Felipe Engineer  1:00:32  
So I like that, do you have like some secret crush on industrial engineering? Because a lot of the stuff that you're talking about? Or it seems like you're very attuned with a lot of the folks that I know that are industrial engineers, I mean, just keenly process oriented.

Fernanda Leite  1:00:47  
Yeah, I think I think that's fine, lean construction background, because that's the master's program that I went through in, in southern Brazil worth, it just came out of that's very lean, focused. And, and I think that's definitely something that that sticks with me is is looking at how can we map processes? value chain mapping, right? How can we identify what's non value adding and remove that from the equation, but then I, I like to think about it from a computing perspective. So if we understand the problem, what pieces and parts can be automated in that in that process? What's the fact that we can remove from from that process, or maybe completely change it.

Felipe Engineer  1:01:24  
So you get more what you want faster, and with less effort.

Fernanda Leite  1:01:27  
And hopefully, we'll have like a five minute work day in the future. We can all be hiking all day.

Felipe Engineer  1:01:35  
All day, we can just be taking things in, we could be learning how to program more.

Fernanda Leite  1:01:41  
Because we still need humans. It's not like we're saying a lot of people are afraid of technology or afraid of automation, all of that. But what people are going to lose their jobs. No, it's just going to change the kinds of jobs that are that exists. We still need people programming, these machines, we still people need people maintaining these machines, it's just different jobs. Right. So so I think that we all have to have that culture of being flexible to retool as industry changes, and learning new things. And that's another thing that that's important of being having that mindset of lifelong learning. Because you're always be at the cutting edge of whatever it is that you're doing. And when you have to retool, you have that capacity that that mental brain flexibility to just learn something new. And you'll be fine.

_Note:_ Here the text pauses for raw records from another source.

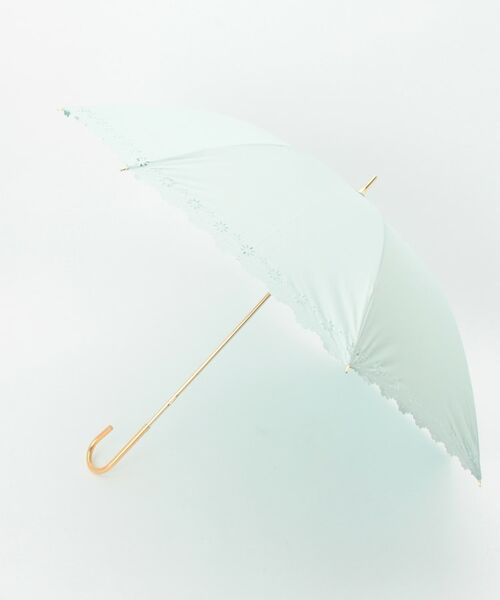 grove / グローブ 傘 | スカラップ晴雨兼用長傘 | 詳細1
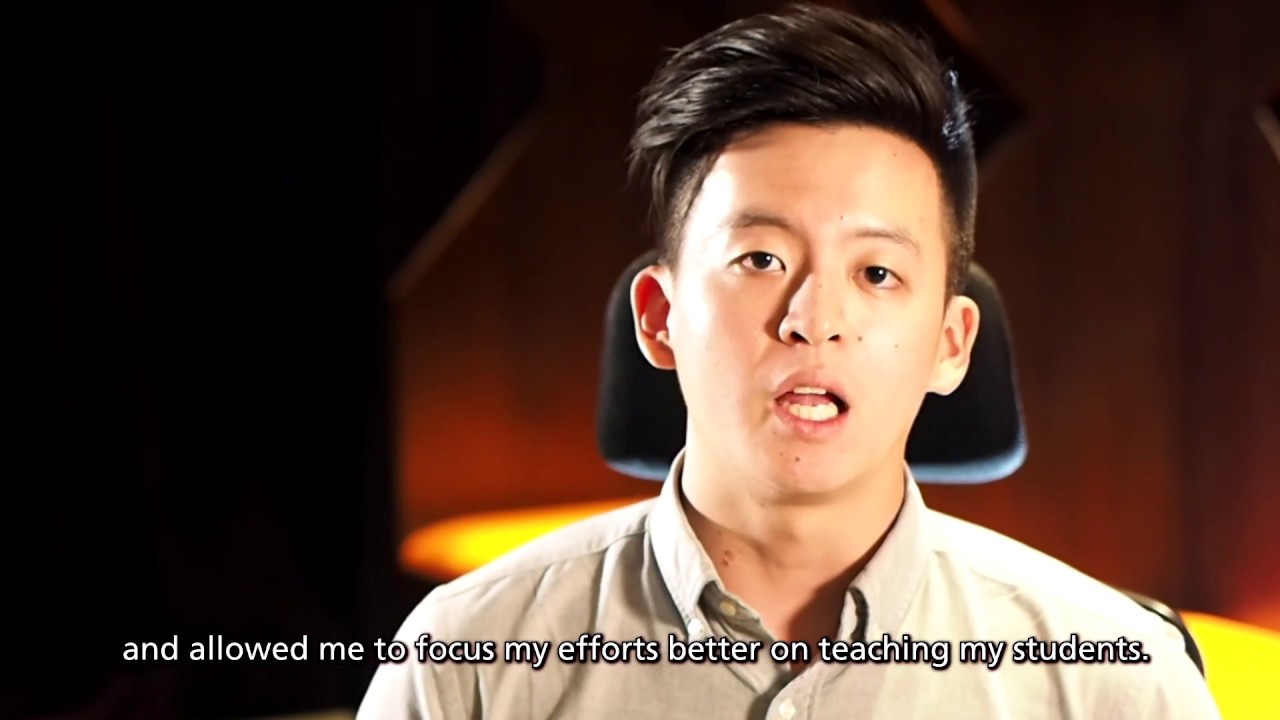 Life at MDS: ex-Students to Educators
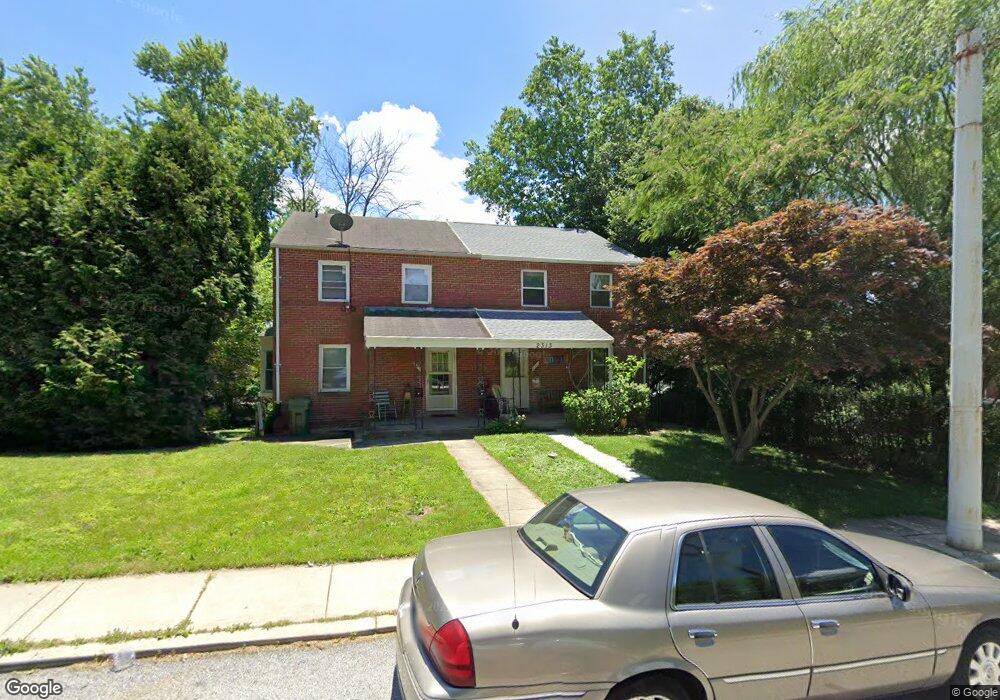 2313 Hemlock Ave, Baltimore, MD 21214 - photo 1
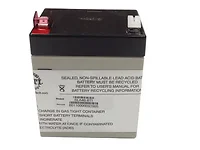BATTERY TECHNOLOGY-RBC46-SLA46-BTI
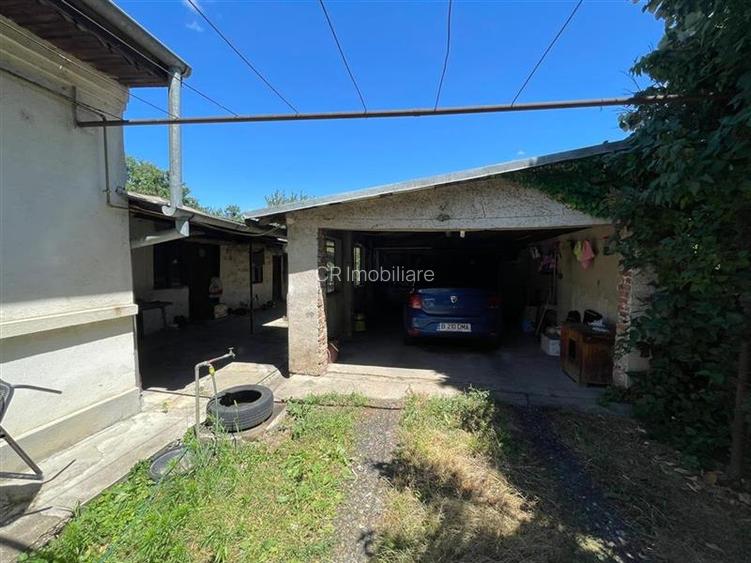 Teren 900mp Giurgiului Luica comision 0% - 3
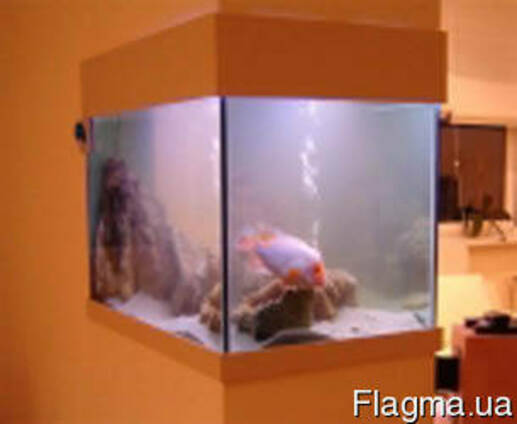 Вырезка стекол для аквариума, террариума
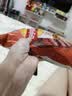 乐事（Lay's）薯片 得克萨斯烧烤味 75克 休闲零食 膨化食品 实拍图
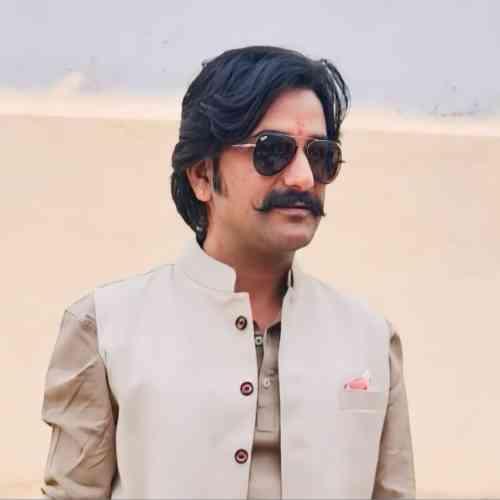 Rajput Divorced Groom Marriage Biodata Id 64182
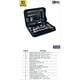 thumbnail image 2 of Juego Combinado De Herramienta De 83 Piezas Foy 144023 SURTEK 144023, 2 of 3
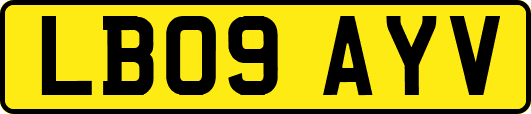 LB09AYV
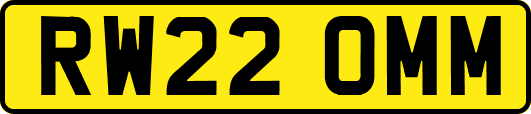 RW22OMM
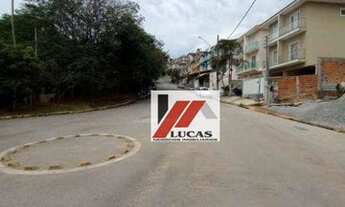 Imagem 4: Terreno à venda, 270 m² por R$ 250.000,00 - Granja Viana - Cotia/SP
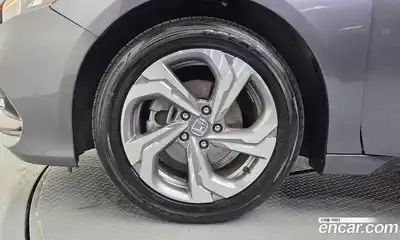 Honda Accord 2019 1.5 гидро в Москве № 1624601, миниатюра 5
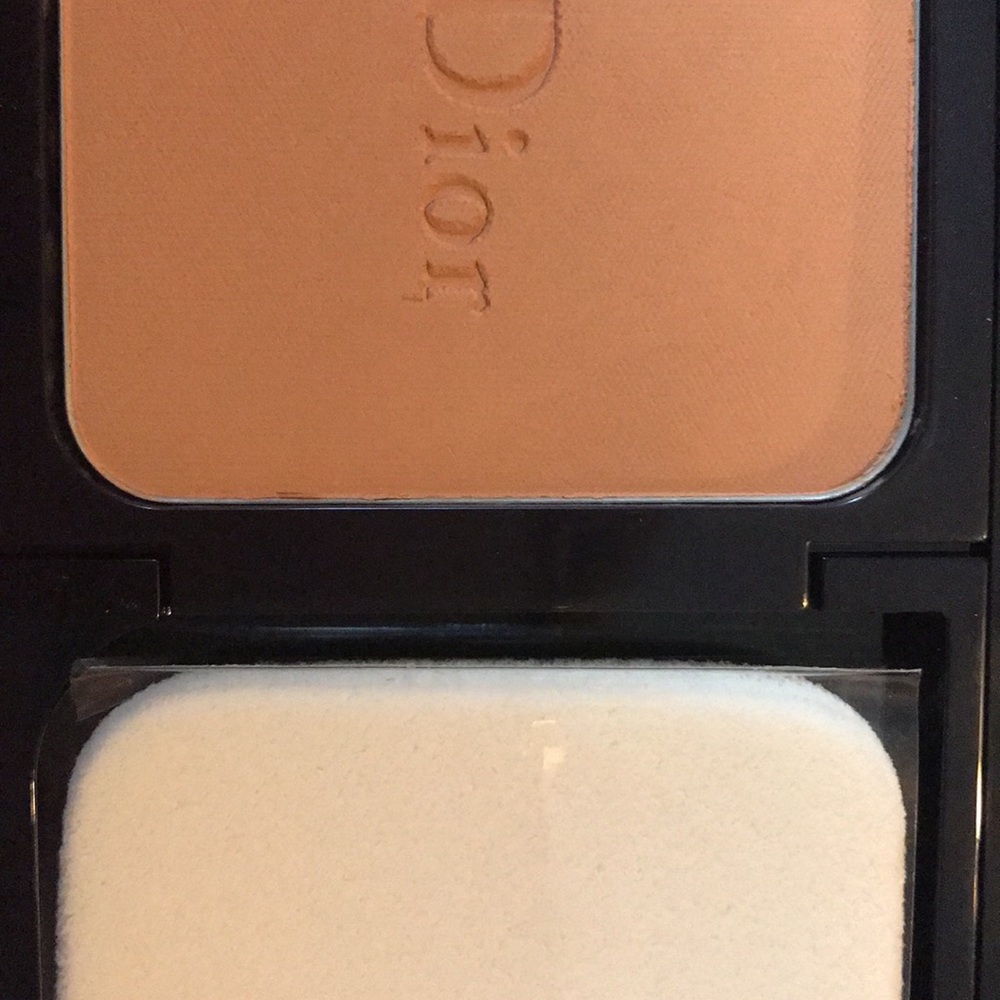 Dior foundation
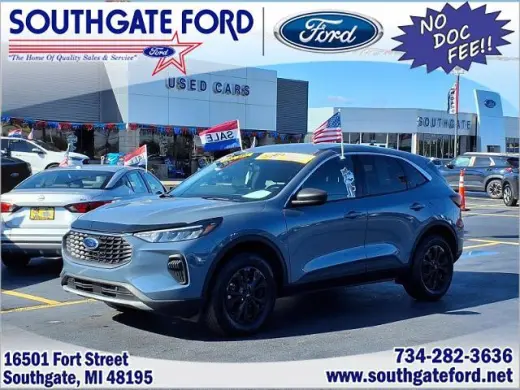 Ford Escape 2024 AWD Active 4dr SUV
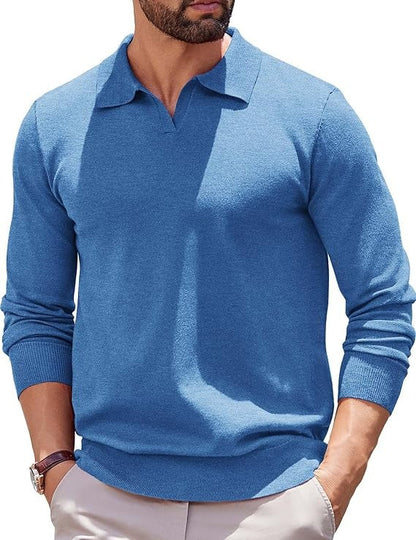 Hugo Men's Sweater - back view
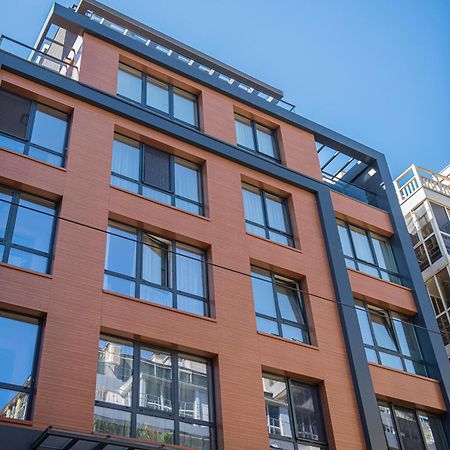 Madrid: A Modern 2-Bedroom Apartment With Parking Sofía Exterior foto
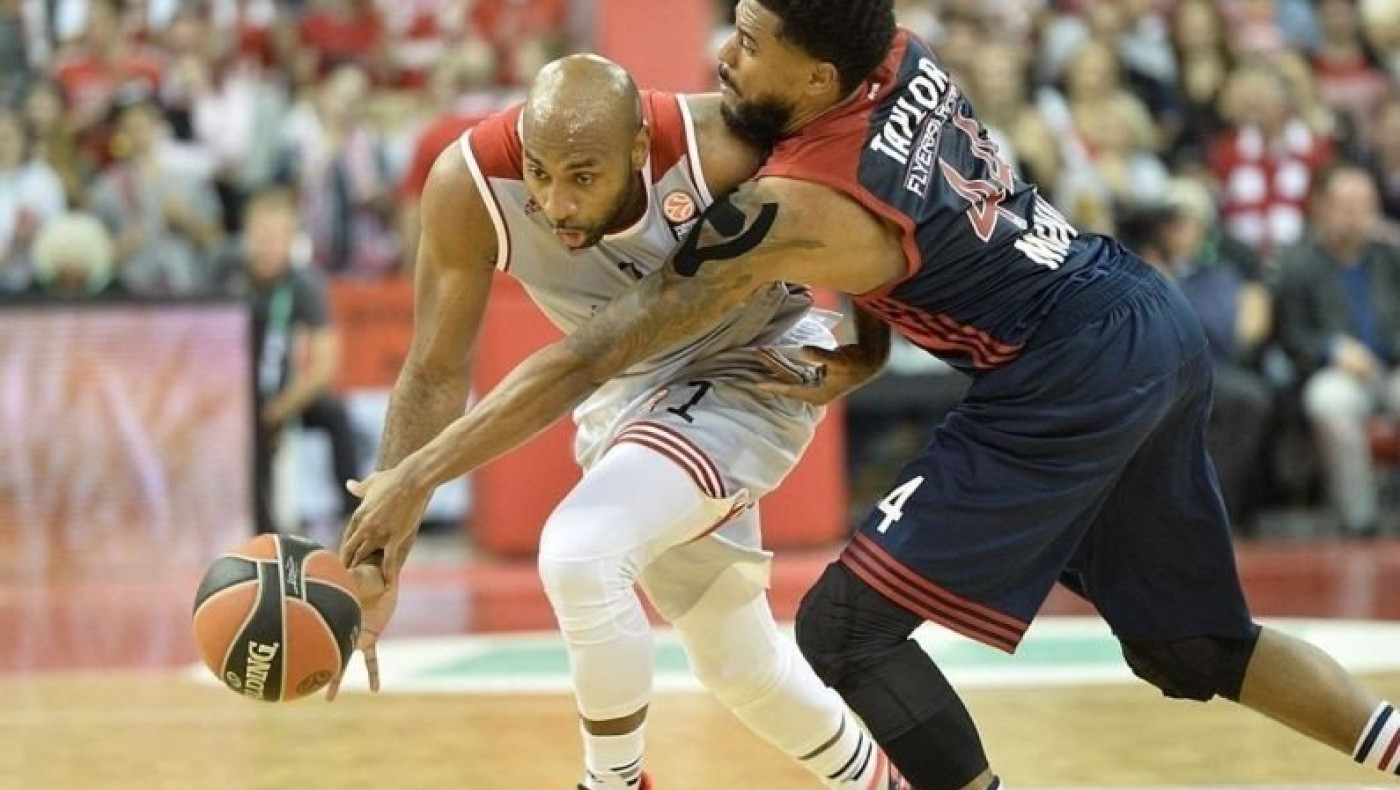 Τρένο η Μάλαγα, πήρε φόρα η Μπάγερν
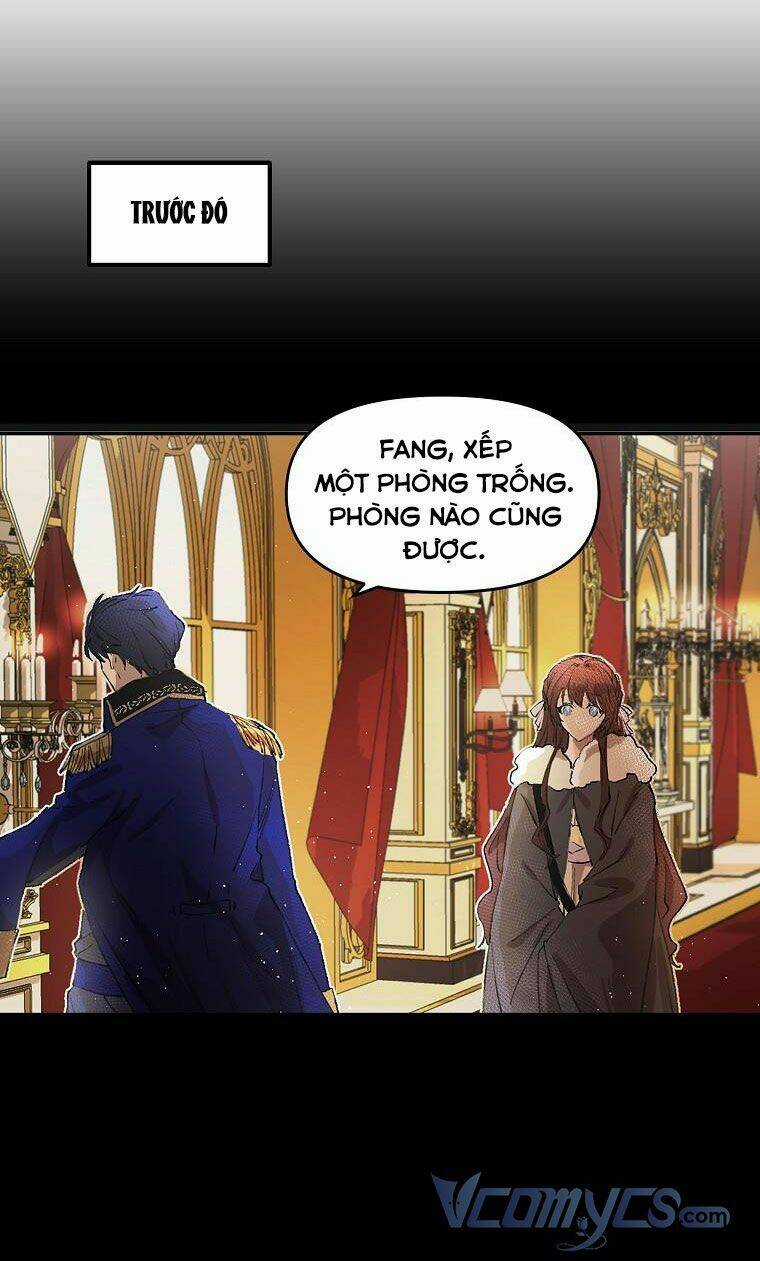 Thời Gian Của Nhân Vật Phụ Có Giới Hạn Chapter 7 trang 29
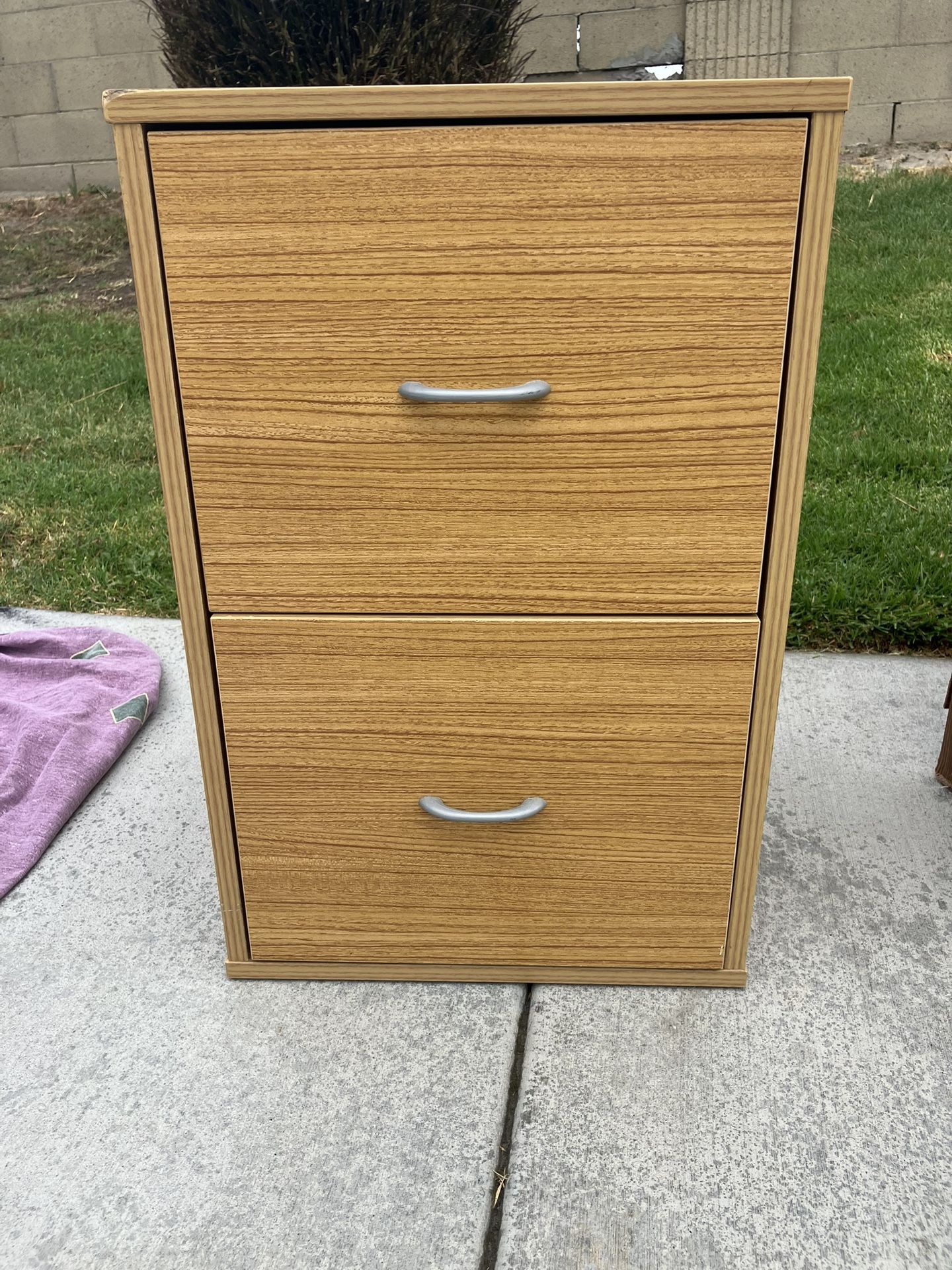 File Cabinet
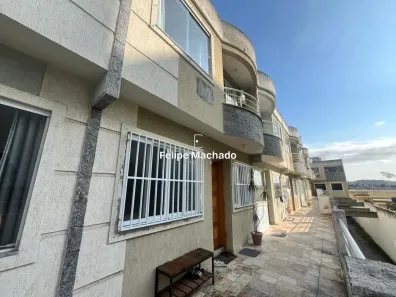 Casa com 2 Quartos à venda, 77m² no Abolição, Rio de Janeiro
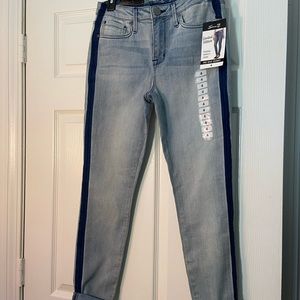 Jeans *never worn*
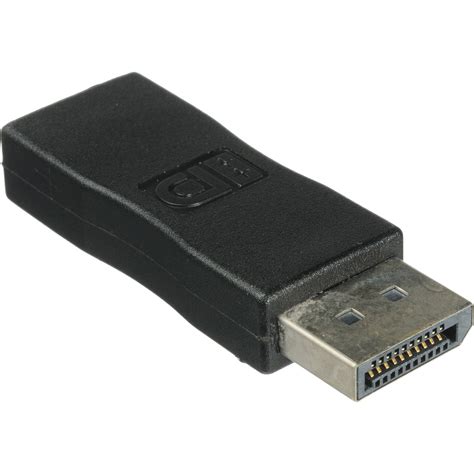 Displayport To Hdmi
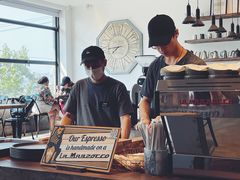 -Vanillacafe香草咖啡(银海大世界店)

Felipe Engineer  1:02:30  
Right? We're always going to need people.

Fernanda Leite  1:02:31  
Yeah, absolutely. 

Felipe Engineer  1:02:32  
Well, Fernanda, thank you so much for your time, I've learned a ton. I'm gonna have to rewatch this myself just so I can further my studies here and see what's going on in the industry. I really appreciate you spending time with us and sharing some of the research you've done with University of Texas and even before so thank you so much. You get the last word before you say goodbye to everybody.

Fernanda Leite  1:02:51  
Well, it's my pleasure. I'm thank you for for reaching out and for having this conversation. I really enjoyed talking to you. And I'm very optimistic about what the future holds for our industry. And I know that this industry can inspire an entire generation of kids to go into STEM and to to go into construction engineering because they see that it's, it's really cool. And we're doing we're doing robotics to we're doing automation, we're doing 3d printing, look at all this cool stuff. We can also inspire the next generation leaders to really want to to improve our industry as well. Thanks for having me.

Felipe Engineer  1:03:27  
Very special thanks to my guest. I'm Felipe Engineer Manriquez. The EBFC Show is created by Felipe and produced by a passion to build easier and better. Thanks for listening. Stay safe, everybody. Let's go build!